Tuesday, August 14, 2012

Olathe Corn Soup with Chiles and Manchego Cheese

6 ears of Olathe corn, kernels cut off and the cobs reserved
2 quarts of water
1 dried bay leaf
1 small can of diced green chiles
2 tablespoons of vegetable oil
3 cloves of garlic, smashed and chopped
1 medium white onion, chopped
salt and pepper to taste
1/2 cup of half-and-half
1/2 cup of Manchego cheese, shredded

In a large pot place the corn cobs (once you have taken off the kernels) and cover with water and bring to a boil, then add the bay leaf and simmer on low for about 45 minutes, the strain the corn broth into a separate bowl.
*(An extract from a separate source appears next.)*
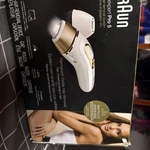 Braun Silk Expert PRO5 PL5117 Ipl Hair Removal Device 100-240V Tested Fast Ship. Fixed Price $290.00.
In another large pot or saucepan heat the vegetable oil, then add the onion and garlic and saute for about 10 minutes or until soft.  Then add the corn and season with salt and pepper and saute for another couple of minutes.  Add the reserved corn broth and bring back to a boil and then turn down to a simmer on low heat for about 15 minutes or until the corn is tender.

Set a strainer over a large bowl - then in a food processor puree the soup in batches if need be until smooth and then strain into the bowl.

Return the soup to the saucepan or pot, add the half and half and simmer for about 5 to 10 minutes.  Stir in the green chiles and season with salt and pepper.  Once you have ladled the soup into bowls top with the shredded Manchego cheese.